HOW TO COMPLETE THIS TASK:
Leaving out each picture, transcribe the lines of the listing below exactly from the first through the line that contains "This is a more".

DATA PROVIDED:
┄┄┄┄┄┄┄┄┄┄┄┄┄┄┄┄┄┄┄┄

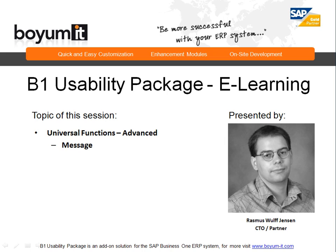Hello and welcome to this B1 Usability Package e-learning session. My name is Rasmus Fruth Jensen and the topic of this session is the universal function advanced where we will be looking into the message type.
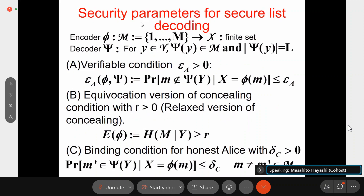This is a more rigorous formulation for secure list decoding. This is the encoder and this is the decoder. The decoder outputs a subset, not an element — sorry, this is a subset and the cardinality of that subset should be L. We have a reliability condition: this is the usual correctness condition. There is a very small error probability of incorrect decoding.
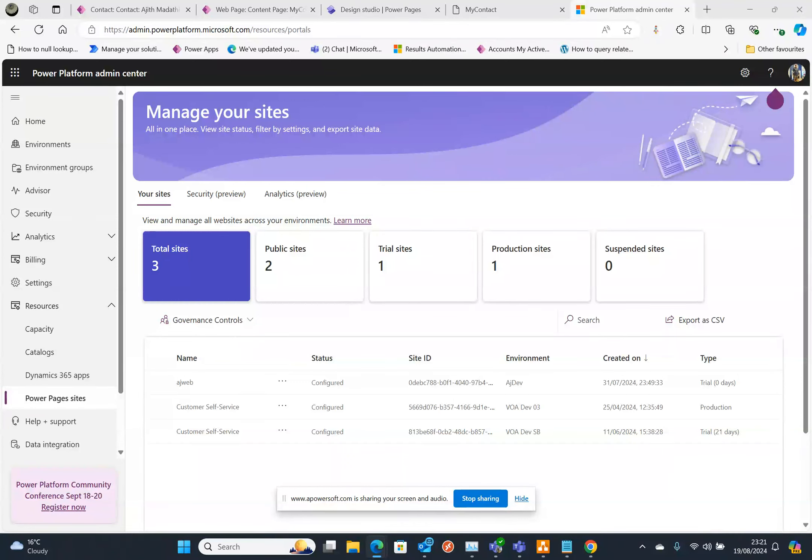Hi everyone, welcome back to my channel. In today's video we are going to dive into Power Pages and specifically how to retrieve option set or choice field text and values using liquid. We'll be focusing on how to get a contact preference which is an option set from the logged in user. So let's get started.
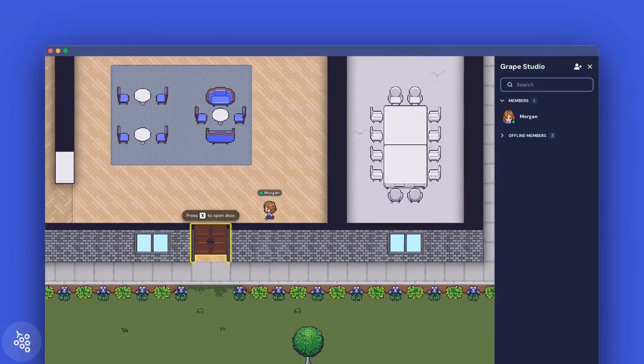Before you move into a new office, physical or virtual, it's helpful to do a walkthrough. In this video, I'll give you a tour through an office on Gather and share examples of what a day in a virtual office actually looks like. Let's get started.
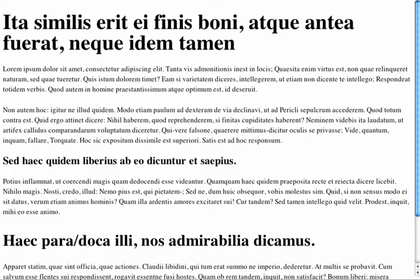The next component to consider for legibility is optimum line length. The technical term for this is also called measure. For large blocks of body copy, 45 to 95 characters, including spaces, is the optimal length.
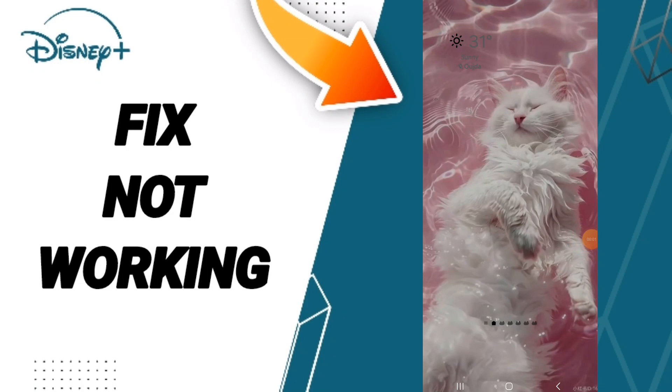Hello everyone, today we will talk about how to fix or how to solve the problem of Disney Plus not working.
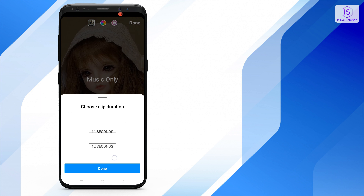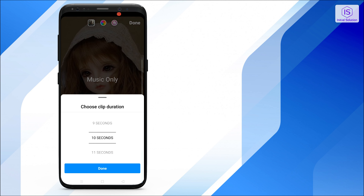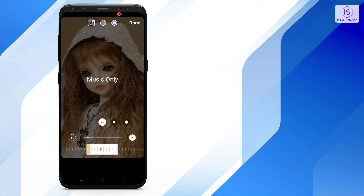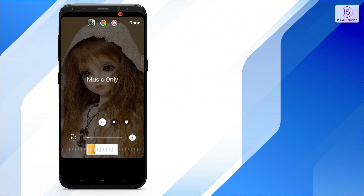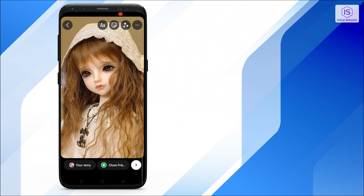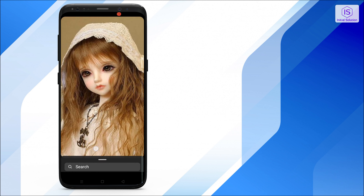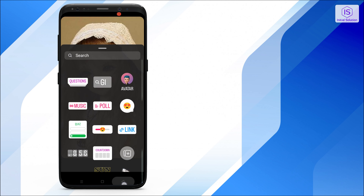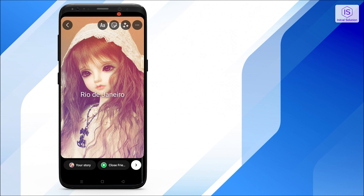You can add a story by clicking a picture or shooting a video from here and going to your story, or you can go to your mobile's media and select the picture you want to upload on your story. After that, tap the sticker option.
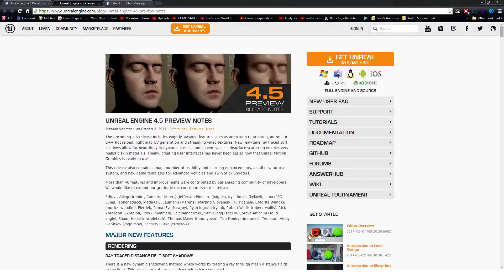Hey there guys, welcome to a video about the new preview for Unreal Engine 4.5. The upcoming release is definitely going to include a ton of stuff.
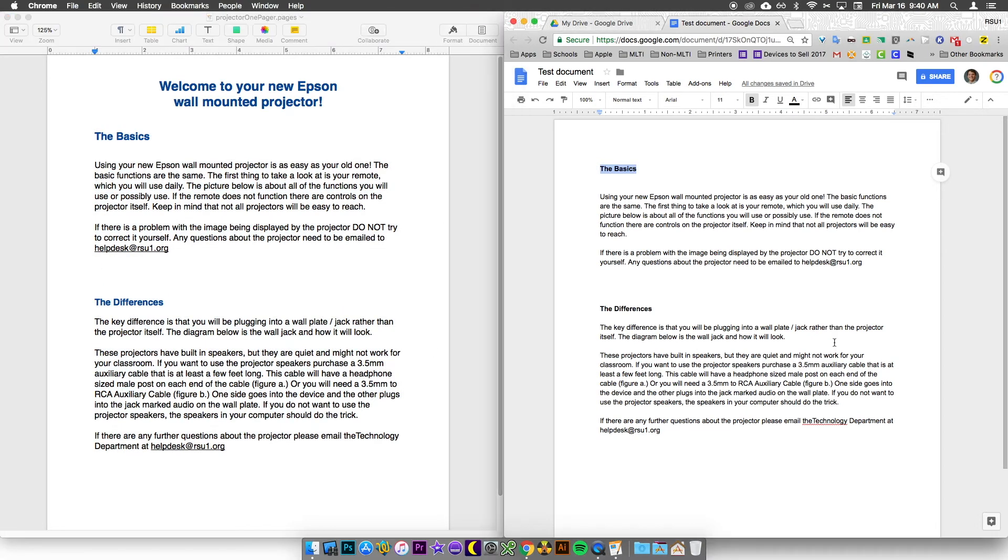But otherwise, that's all there is to copying and pasting into a document. Because Google auto-saves, there isn't a save step or anything like that. Hopefully this helps you out and you enjoy the video. I'm Damien Austin with RC1 Tech TV, and thank you for watching.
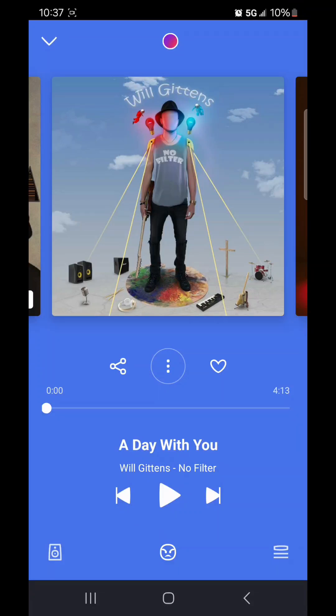Hey guys, today I'm going to show you how to quickly get the lyrics for a song in Deezer when there are no available lyrics in Deezer. The first thing we're going to do is download an app from the Play Store.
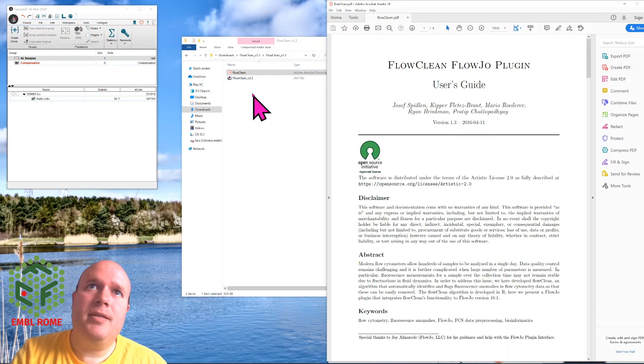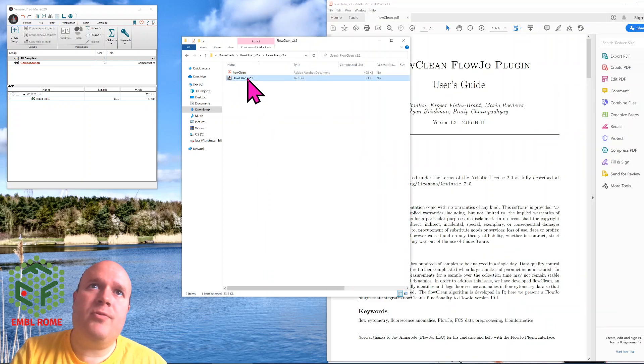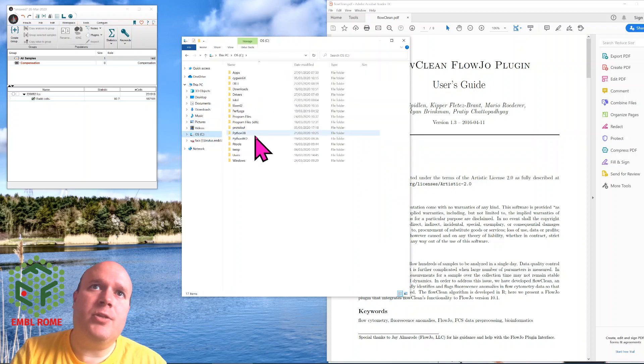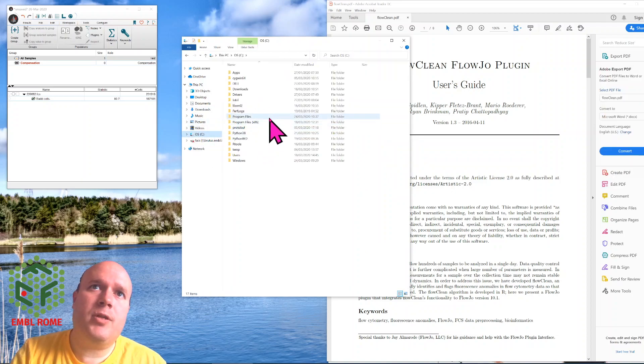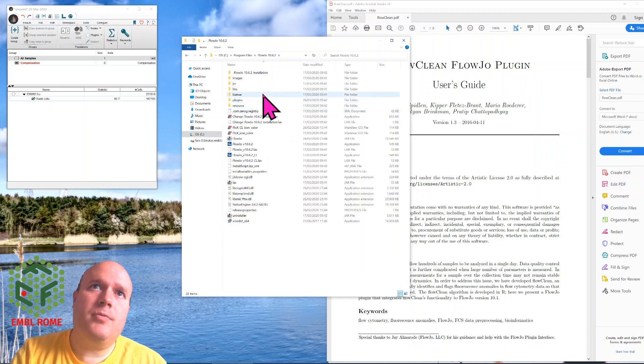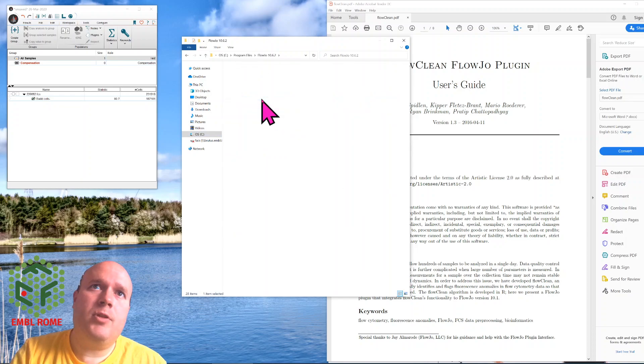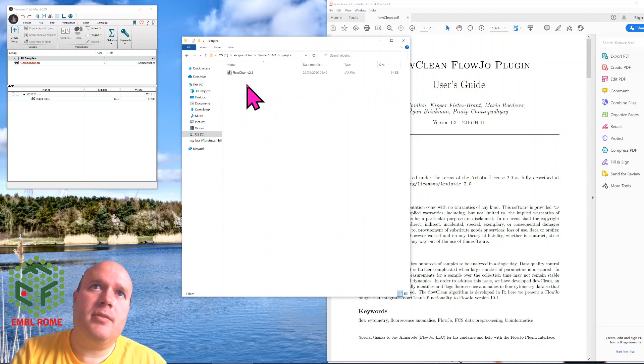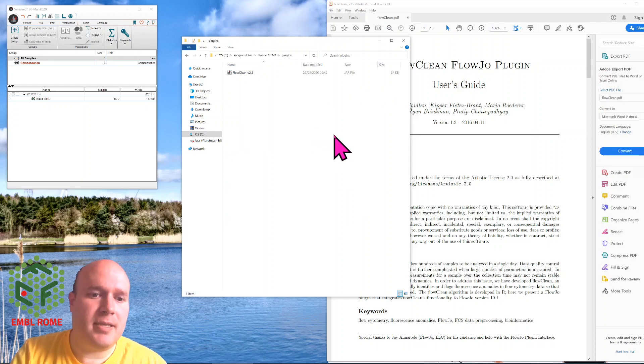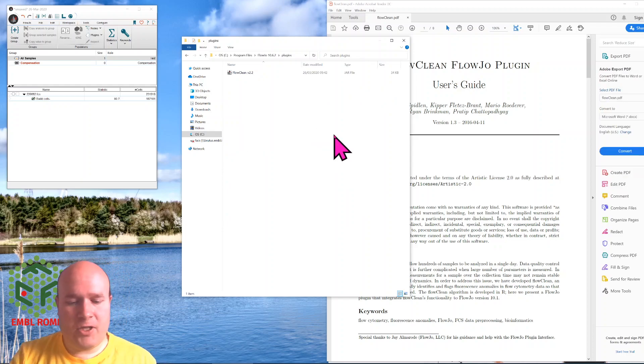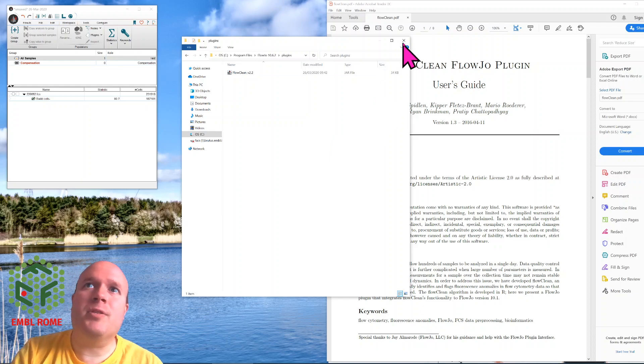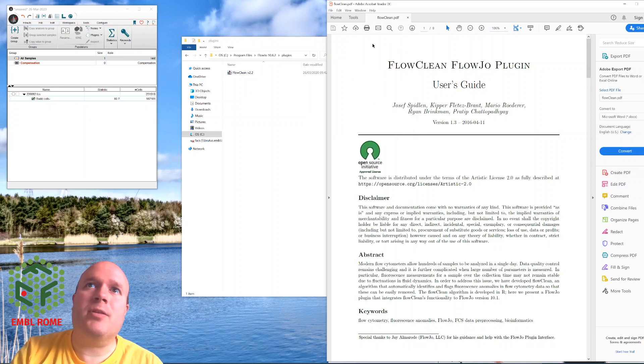We'll load the help file, and we'll copy FlowClean, and you want to put that into your FlowJo plugins folder, which is program files, FlowJo, plugins. I've already got one here, but you would paste here. If you're not an admin on Windows, you'll need to talk to your IT to have admin access to do this.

┄┄┄┄┄┄┄┄┄┄┄┄┄┄┄┄┄┄┄┄

OUTPUT OF THE EXERCISE:
Hello and welcome to this B1 Usability Package e-learning session. My name is Rasmus Fruth Jensen and the topic of this session is the universal function advanced where we will be looking into the message type.
This is a more rigorous formulation for secure list decoding. This is the encoder and this is the decoder. The decoder outputs a subset, not an element — sorry, this is a subset and the cardinality of that subset should be L. We have a reliability condition: this is the usual correctness condition. There is a very small error probability of incorrect decoding.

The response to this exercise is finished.